Provably Safe PAC-MDP Exploration Using Analogies
This work addresses the problem of safe exploration for reinforcement learning practitioners in safety-critical applications, offering a novel approach that overcomes limitations of existing methods.
The paper tackles the challenge of balancing exploration and safety in reinforcement learning for safety-critical domains by proposing the Analogous Safe-state Exploration (ASE) algorithm, which provably ensures safety during exploration in MDPs with unknown, stochastic dynamics and achieves near-optimal policies with improved sample efficiency.

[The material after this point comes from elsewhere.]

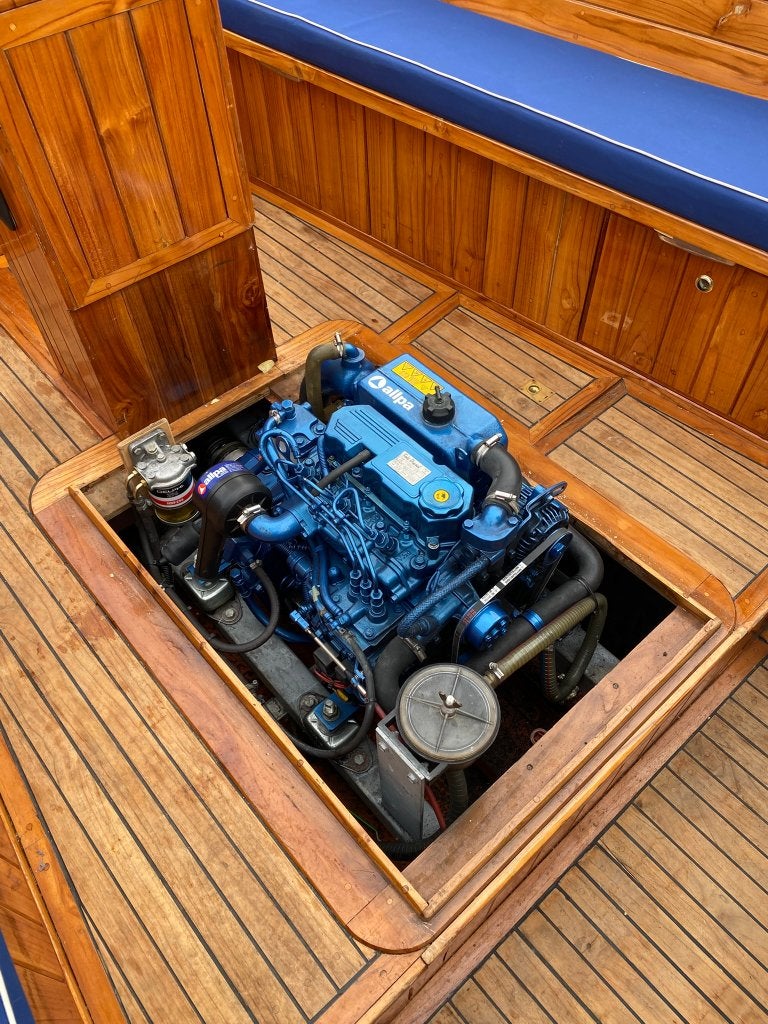 Foto 11 van Stalen geklonken sloep 7,85 m | Solé diesel 33 pk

A key challenge in applying reinforcement learning to safety-critical domains is understanding how to balance exploration (needed to attain good performance on the task) with safety (needed to avoid catastrophic failure). Although a growing line of work in reinforcement learning has investigated this area of "safe exploration," most existing techniques either 1) do not guarantee safety during the actual exploration process; and/or 2) limit the problem to a priori known and/or deterministic transition dynamics with strong smoothness assumptions. Addressing this gap, we propose Analogous Safe-state Exploration (ASE), an algorithm for provably safe exploration in MDPs with unknown, stochastic dynamics. Our method exploits analogies between state-action pairs to safely learn a near-optimal policy in a PAC-MDP sense. Additionally, ASE also guides exploration towards the most task-relevant states, which empirically results in significant improvements in terms of sample efficiency, when compared to existing methods.